› Por Juan José Saer
Para los griegos, morir joven era un acto de desmesura. Si comparamos la retirada brusca de Arlt con la persistencia borgiana, que se disemina en banalidades, advertiremos tal vez que, en ciertos casos, una muerte bien colocada puede llegar a tener, como él decía, la eficacia de un cross a la mandíbula.

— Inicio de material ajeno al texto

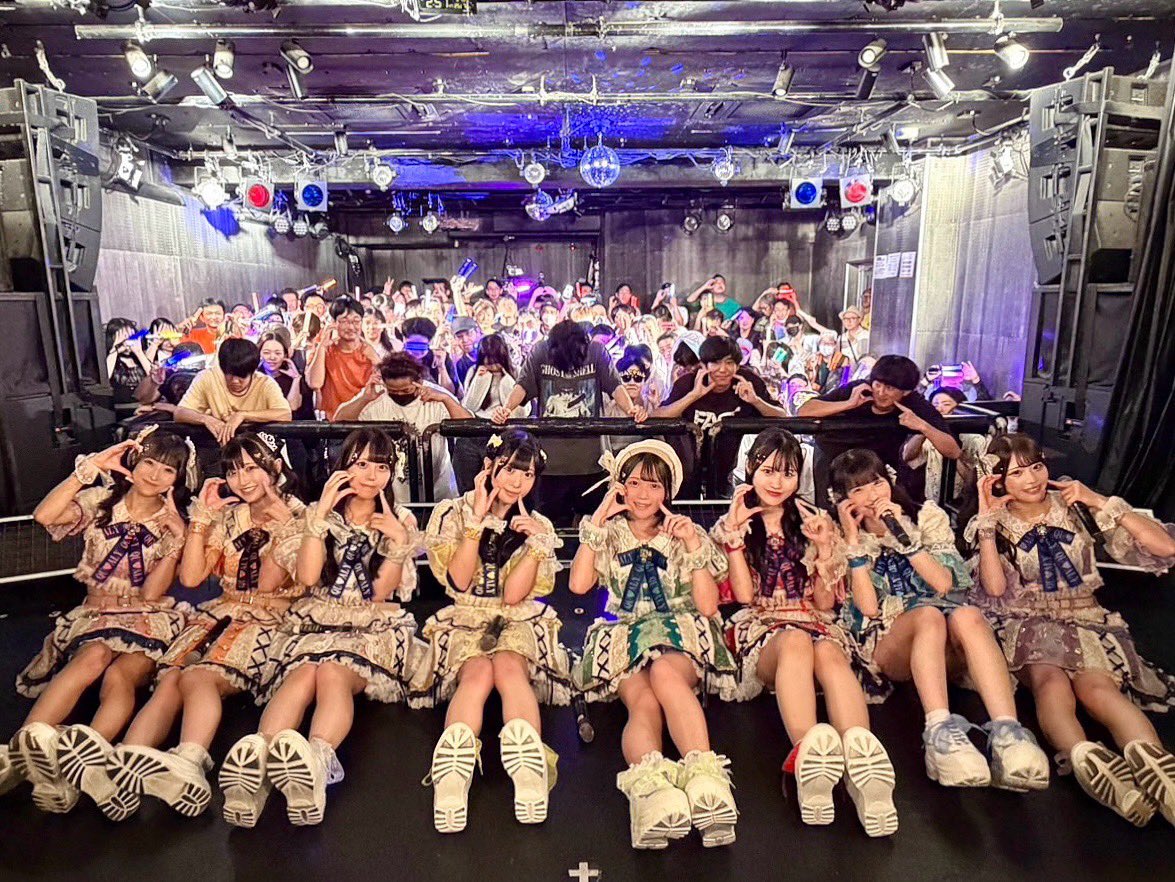 qualy_info's tweet photo. 『Qu♡Aly新体制お披露目ライブ!』
📍アメリカ村BEYOND

新体制になったQu♡Alyお披露目ライブ🎵💘、お越しいただきありがとうございました✨新メンバーが加わった新しいQu♡Alyはどうでしたか❔

次回は、9/20（日）
＼入場特典変更❕🎁／
①『Lay-La』
📍心斎橋SUNHALL

⏰OPEN10:40/START11:00
🎤11:20〜11:40
📸12:00〜13:00（並行B）

🎟 発売中‼️
https://t.co/o9kdNzRmEB
前売り￥3,000
当日券￥3,500
＋各1D

🎁2pt＋私物サイン券
𓐄 𓐄 𓐄 𓐄 𓐄 𓐄 𓐄 𓐄 𓐄 𓐄 𓐄 𓐄 𓐄 𓐄 𓐄 𓐄 𓐄 𓐄
②『Sweet Candy Music★』
📍梅田amHALL

⏰OPEN/16:00 START/16:20
🎤20:30〜20:50
📸21:15〜22:15（終演後）
⚠️穂村かのんのみ特典会21:00〜22:00で実施いたします

🎟発売中‼️
https://t.co/wzY8mdulGs
前方¥3,000 
一般 ¥2,500
＋各1D

🎁1pt

🎯2回しでキュアリーくじ🎯

ぜひお待ちしておりますυ > ̫ < υ💕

De haber vivido, Arlt hubiese tenido hoy la misma edad que Borges. ¿Cómo imaginárnoslo recibiendo condecoraciones, almorzando en la televisión, errando por universidades europeas y norteamericanas, perorando sobre el infinito y sus alrededores? Si un escritor es únicamente escritor cuando escribe, podemos decir que Borges, que en otros tiempos escribió textos de primer orden, hoy los sobrevive y no es más que un anciano que hace chistes en los diarios, en tanto que Arlt es estrictamente contemporáneo de su propia obra, como Kafka, Proust o Dostoievski de las suyas, hasta tal punto que es imposible separar esa obra del hombre que la escribió. Desde luego, la edad de la muerte no tiene ninguna importancia: únicamente la obstinación de la búsqueda, el no querer ser otra cosa que escritor, el no aceptar tareas sociales de substitución, como quien diría subalternas, la fuerza de conservar hasta el final esa disponibilidad para la incertidumbre que es la condición esencial de las obras mayores.